A lanky, freckly guy said, “How about ‘Hemlock Studios’? It’s funny because of its toxicity.”
Ian’s head shook with disappointment.
Another freckle-covered bearded dude wearing a tattered Pokémon shirt asked, “How about ‘Catastrophic,’ with two Ks instead of Cs?”
Ian made a finger-down-throat vomiting gesture. “How about ‘Epicenter Games’?”
As he gushed about how brilliant the name was, I googled it. “Um, it looks like there’s a gaming studio in the Bay Area that already has that name,” I squeaked.
“Okay, so who cares if that name is taken?” Ian’s stare-glare made my arm hairs quiver in fear.
Kat chimed in. “I’m sure their lawyers would. It’s probably trademarked.”
Ian’s icy glare shifted to Kat. “What if we made ours different, instead of ‘Epicenter’ we called ours ‘EpicEnter’? That wordplay takes our company’s meaning to a whole other mind-blowing new level.” He made a head-exploding gesture with his hands.
Changing the syllable emphasis didn’t matter. We would have the same name as another US gaming company, and that violated trademark law.
Ian asked me, “Hey, noob, why are you frowning?”
I stammered, “Th-th-there could be a trademark infringement issue, and—”
He cut me off before I finished talking. “Here’s the problem with people like you . . .” he began. Excuse me, people like you?
“Looking up legal jurisdiction during a brainstorm is stifling and narrow-minded,” he argued. “You’re artificially constraining my creativity and vision! We can’t elevate this company to a higher level if every genius idea gets shut down. Honestly, I should fire you for this negative attitude of yours, but I can’t, because you’re one of the few GIRLS here other than HER.” He pointed at Kat and then went back to glaring at me.
I assumed my days in the cutthroat advertising industry had prepped me for a male-dominated work environment.

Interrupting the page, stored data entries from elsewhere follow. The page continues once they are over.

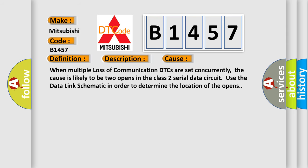This diagnostic error occurs most often in these cases. When multiple loss of communication DTCs are set concurrently, the cause is likely to be two opens in the class 2 serial data circuit. Use the data link schematic in order to determine the location of the opens.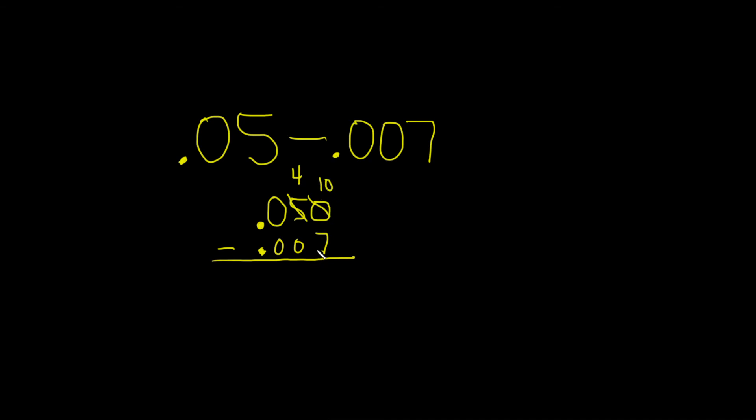And now you subtract. 10 minus 7 is 3. 4 minus 0 is 4. 0 minus 0 is 0. And you bring down your decimal. So our final answer is 0.043.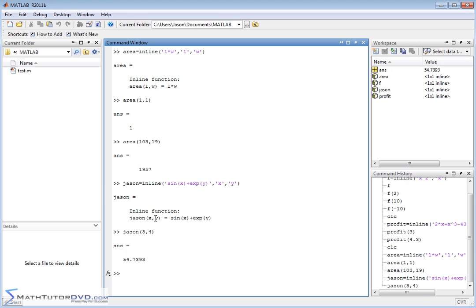And later on, when we do calculus, and when we do more advanced algebra, we'll be using these definitions of functions in our calculations, like with integration and differentiation. So definitely remember how to do this when we get to the later sections in the calculus area. And then we'll see you next time.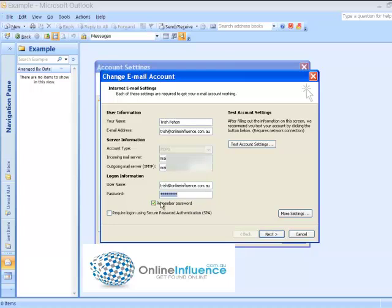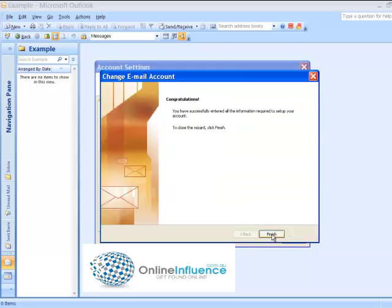But also don't forget to tick this box, remember password, that's pretty important. So then you can go and test Account Settings if you want to and that will send you an email to tell you that it's all working. But otherwise just click Next and then finish.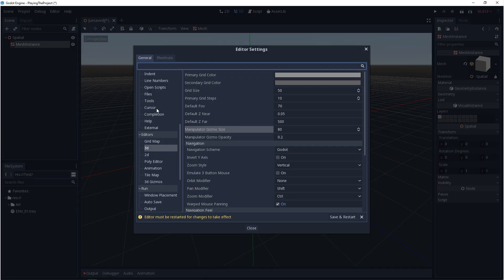So in the editor settings, under General, if we scroll down to Editors in 3D, we have four main options in here: primary grid color, secondary grid color, grid size, and primary grid steps.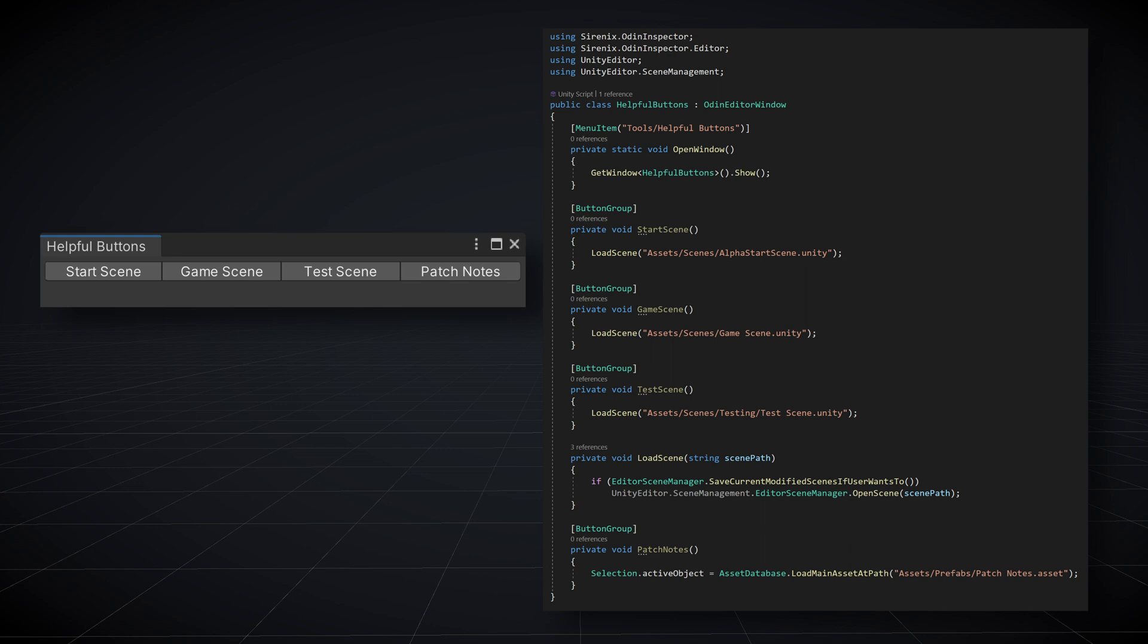From there we create functions just like normal and add the button or button group attribute. In my case I've created three buttons for three commonly used scenes. You might see that there's a fourth button there and this will select my patch notes which is a scriptable object. This just makes it easy to find and update the patch notes without having to dig through the project folder or type into a search bar.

This place? It might even be worse.
Ian barked at us, “Does anyone else like the name ‘EpicEnter’?”
When no one answered, Ian threw his marker down. “I can’t believe this. Never mind! This meeting is adjourned.” He flung the door open with such force that the door handle dented the lime-green wall. I had just witnessed my first forty-five-year-old man tantrum.
Ian MacKenzie, our company’s visionary, our fearless leader, had just stormed out like a sulky toddler.
Pokémon-shirt guy muttered, “Well, at least it’s Booze Day Tuesday. If anyone needs me, I’ll be at the beer cart.” He slung his computer bag on his shoulder and left the room.
Yes. At least we had that.
Welcome to the gaming industry, Melody Joo.
Chapter Two
The battering rain made crossing the 520 bridge a nearly impossible task. Even on the highest setting, my windshield wipers couldn’t seem to keep up with the buckets of water dumped from the sky. I had lived in Seattle for a couple of years, and while the rain and dreary weather got me down at first, I didn’t really mind it anymore. I grew up in Nashville, but went to college in the Midwest and stayed there for nearly seven years. My slight Chicago snobbery had worn off (or was washed away) and I loved my life here. With its outdoor beauty, amazing restaurants, and laid-back lifestyle, this city had grown on me.